▶ [Activity]: Set down exactly the lines below between the line holding "アルピナB7 ロングアルラット エグゼクティブラウンジ 4WD" and the line holding "Lãi suất liên", inclusive; no other line belongs in the answer.

Exercise material below:

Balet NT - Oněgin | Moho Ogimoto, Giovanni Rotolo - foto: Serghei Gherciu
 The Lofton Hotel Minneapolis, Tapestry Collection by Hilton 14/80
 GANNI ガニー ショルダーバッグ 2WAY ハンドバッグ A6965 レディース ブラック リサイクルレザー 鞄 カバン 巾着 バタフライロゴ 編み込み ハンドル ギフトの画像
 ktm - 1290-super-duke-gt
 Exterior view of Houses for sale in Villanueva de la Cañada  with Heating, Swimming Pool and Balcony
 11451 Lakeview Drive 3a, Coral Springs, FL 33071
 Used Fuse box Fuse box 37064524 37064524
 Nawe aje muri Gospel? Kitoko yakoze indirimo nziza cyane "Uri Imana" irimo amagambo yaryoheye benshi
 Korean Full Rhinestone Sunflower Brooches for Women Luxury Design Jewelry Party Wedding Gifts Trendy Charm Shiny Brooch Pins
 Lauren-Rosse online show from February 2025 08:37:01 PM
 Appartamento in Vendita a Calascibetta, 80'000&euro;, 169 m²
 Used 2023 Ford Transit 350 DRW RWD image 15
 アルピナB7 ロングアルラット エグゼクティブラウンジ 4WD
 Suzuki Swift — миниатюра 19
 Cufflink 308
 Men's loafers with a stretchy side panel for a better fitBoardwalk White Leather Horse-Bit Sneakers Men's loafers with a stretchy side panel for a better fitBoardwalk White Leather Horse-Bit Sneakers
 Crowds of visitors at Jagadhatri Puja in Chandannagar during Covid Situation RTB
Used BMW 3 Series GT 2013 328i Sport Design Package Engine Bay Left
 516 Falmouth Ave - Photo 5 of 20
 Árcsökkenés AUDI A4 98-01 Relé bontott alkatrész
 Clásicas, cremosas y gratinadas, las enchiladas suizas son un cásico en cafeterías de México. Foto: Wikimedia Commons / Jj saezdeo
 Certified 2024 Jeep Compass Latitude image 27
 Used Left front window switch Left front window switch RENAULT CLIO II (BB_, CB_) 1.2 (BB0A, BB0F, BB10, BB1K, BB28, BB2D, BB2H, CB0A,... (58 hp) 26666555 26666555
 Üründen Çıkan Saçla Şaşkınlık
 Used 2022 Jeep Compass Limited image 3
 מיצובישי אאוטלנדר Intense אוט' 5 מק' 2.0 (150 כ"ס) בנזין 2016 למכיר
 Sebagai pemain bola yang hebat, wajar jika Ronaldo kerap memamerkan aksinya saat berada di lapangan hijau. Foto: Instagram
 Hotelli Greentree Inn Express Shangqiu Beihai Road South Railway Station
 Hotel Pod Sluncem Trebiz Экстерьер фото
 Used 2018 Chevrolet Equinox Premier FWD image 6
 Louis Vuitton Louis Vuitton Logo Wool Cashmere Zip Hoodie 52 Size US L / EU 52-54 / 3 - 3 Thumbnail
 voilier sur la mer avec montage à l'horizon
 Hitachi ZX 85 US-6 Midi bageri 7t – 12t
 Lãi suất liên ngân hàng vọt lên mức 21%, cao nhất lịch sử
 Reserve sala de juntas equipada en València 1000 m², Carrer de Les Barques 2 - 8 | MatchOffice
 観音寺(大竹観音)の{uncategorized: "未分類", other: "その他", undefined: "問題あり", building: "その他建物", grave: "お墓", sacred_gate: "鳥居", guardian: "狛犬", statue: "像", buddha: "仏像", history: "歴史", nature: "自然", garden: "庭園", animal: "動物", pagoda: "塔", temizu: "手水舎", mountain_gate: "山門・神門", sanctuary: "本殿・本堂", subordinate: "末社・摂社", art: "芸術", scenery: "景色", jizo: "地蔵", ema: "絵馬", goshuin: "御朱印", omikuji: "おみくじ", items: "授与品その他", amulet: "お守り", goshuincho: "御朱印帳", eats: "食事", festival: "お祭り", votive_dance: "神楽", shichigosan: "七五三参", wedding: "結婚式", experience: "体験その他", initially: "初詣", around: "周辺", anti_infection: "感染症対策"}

End of Exercise material.

▶ [Task answer]:
 アルピナB7 ロングアルラット エグゼクティブラウンジ 4WD
 Suzuki Swift — миниатюра 19
 Cufflink 308
 Men's loafers with a stretchy side panel for a better fitBoardwalk White Leather Horse-Bit Sneakers Men's loafers with a stretchy side panel for a better fitBoardwalk White Leather Horse-Bit Sneakers
 Crowds of visitors at Jagadhatri Puja in Chandannagar during Covid Situation RTB
Used BMW 3 Series GT 2013 328i Sport Design Package Engine Bay Left
 516 Falmouth Ave - Photo 5 of 20
 Árcsökkenés AUDI A4 98-01 Relé bontott alkatrész
 Clásicas, cremosas y gratinadas, las enchiladas suizas son un cásico en cafeterías de México. Foto: Wikimedia Commons / Jj saezdeo
 Certified 2024 Jeep Compass Latitude image 27
 Used Left front window switch Left front window switch RENAULT CLIO II (BB_, CB_) 1.2 (BB0A, BB0F, BB10, BB1K, BB28, BB2D, BB2H, CB0A,... (58 hp) 26666555 26666555
 Üründen Çıkan Saçla Şaşkınlık
 Used 2022 Jeep Compass Limited image 3
 מיצובישי אאוטלנדר Intense אוט' 5 מק' 2.0 (150 כ"ס) בנזין 2016 למכיר
 Sebagai pemain bola yang hebat, wajar jika Ronaldo kerap memamerkan aksinya saat berada di lapangan hijau. Foto: Instagram
 Hotelli Greentree Inn Express Shangqiu Beihai Road South Railway Station
 Hotel Pod Sluncem Trebiz Экстерьер фото
 Used 2018 Chevrolet Equinox Premier FWD image 6
 Louis Vuitton Louis Vuitton Logo Wool Cashmere Zip Hoodie 52 Size US L / EU 52-54 / 3 - 3 Thumbnail
 voilier sur la mer avec montage à l'horizon
 Hitachi ZX 85 US-6 Midi bageri 7t – 12t
 Lãi suất liên ngân hàng vọt lên mức 21%, cao nhất lịch sử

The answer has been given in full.